Even before the leaderboard took shape this past weekend, the 2025 PGA Championship served as a reminder that it’s been one year since Scottie Scheffler was arrested while attempting to enter last year’s event.
And after Scheffler cruised to a five-stroke victory to earn the third major championship of his career, Nike was ready to celebrate accordingly.
In an ad released just shortly after the 28-year-old’s tournament-clinching final round on Sunday, the Portland-based apparel and shoe giant poked fun at last year’s legal troubles. “Best player in the world?
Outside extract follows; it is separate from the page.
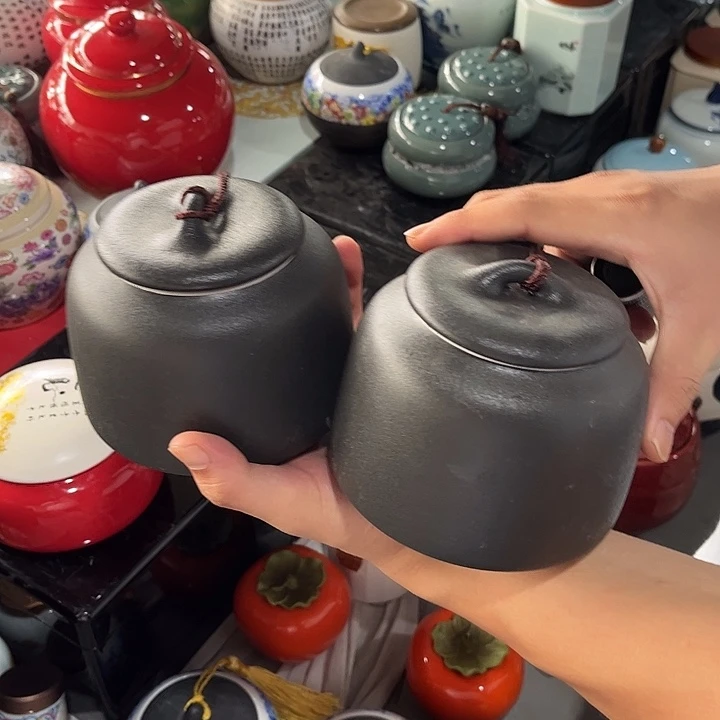 罐润鹏陶瓷精选高档陶瓷茶叶罐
Guilty,” the ad reads, with a Nike swoosh sandwiched between the writing and an image of Scheffler holding his follow-through after a drive.
“The verdict is in,” Nike’s official X account captioned a post sharing the ad. “World No. 1 Scottie Scheffler is the PGA Champion.”
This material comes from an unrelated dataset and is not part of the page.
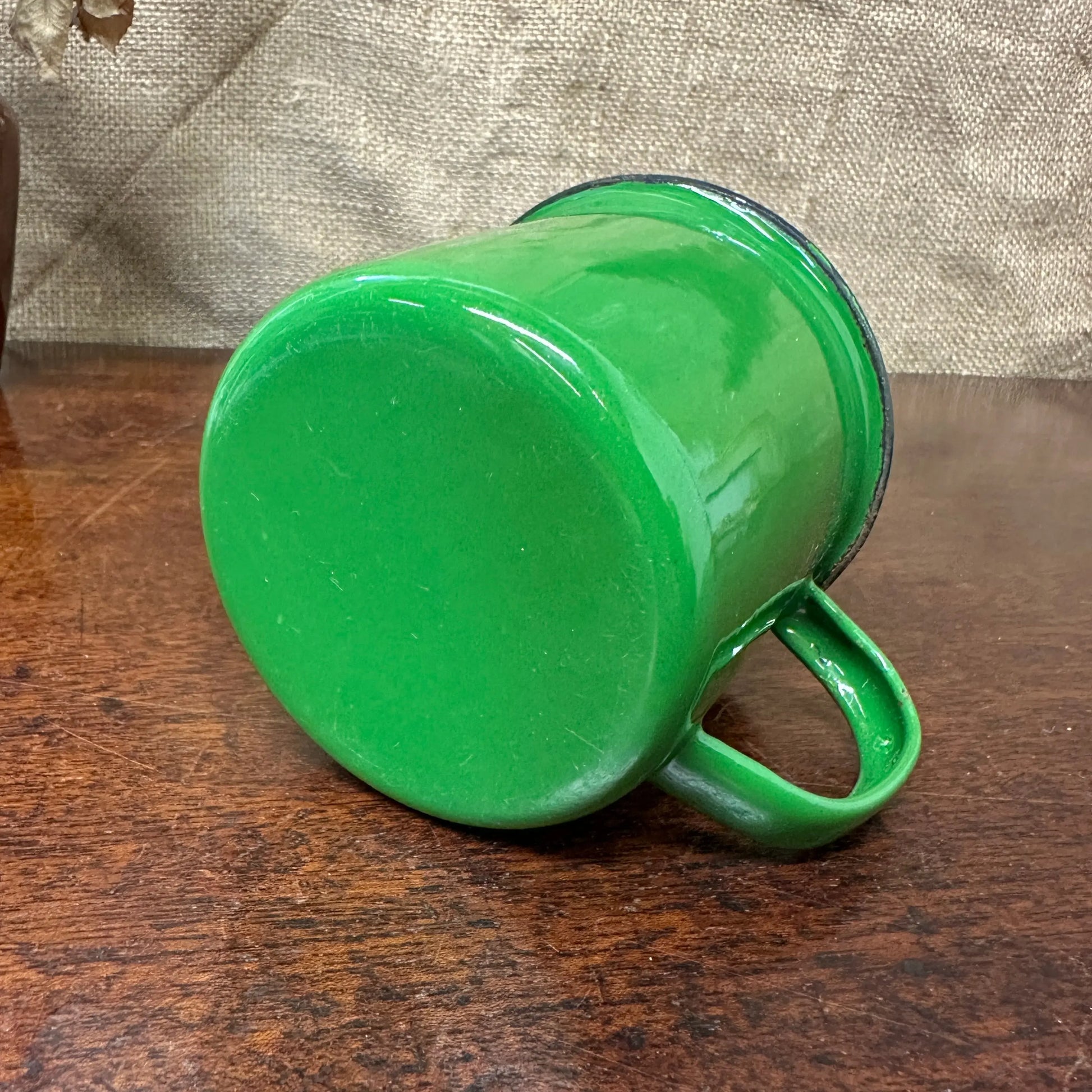 Green Enamel Mug The Blind Mole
Scheffler’s victory on Sunday provided a storybook-like ending to a weekend full of reminders regarding one of the stranger sports stories in recent memory.
On Friday, Jeff Darlington and Scheffler reflected on the arrest, which the ESPN reporter broke the news of while on-site outside of the Valhalla Golf Club in Louisville, Kentucky. The two-time Masters champion was charged with second-degree assault of a police officer, a class-C felony, and three misdemeanors after allegedly failing to abide by an officer’s directions following an unrelated fatal accident that had occurred near the course.
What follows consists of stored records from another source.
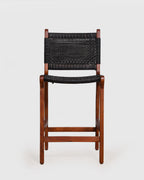 Woven Back Bar Chair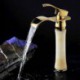 Widespread Single Handle One Hole in Ti-PVD Bathroom Sink Tap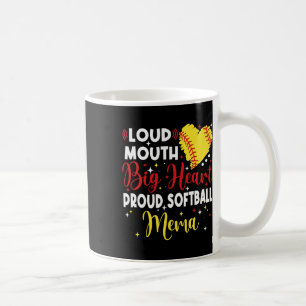 Lauter Mund Großes Herz Stolz Softll Mema Mutterta Kaffeetasse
“One thing that I specifically remember was you trying to approach the police officers and say something like, ‘hey, you know, I don’t know what’s going on, but something ain’t right. Like, this is Scottie, he’s playing in the golf tournament,’” Scheffler told Darlington in the segment. “And you can just hear the tone of their voice that it went from just normal pulling into the golf course to a situation that was very serious for whatever reason it was.”
The charges against Scheffler were ultimately dropped less than two weeks later, with all involved agreeing that it was a big misunderstanding. Still, it very much remains an unlikely part of the No. 1 golfer’s lore, especially when it comes to his annual participation in the PGA Championship.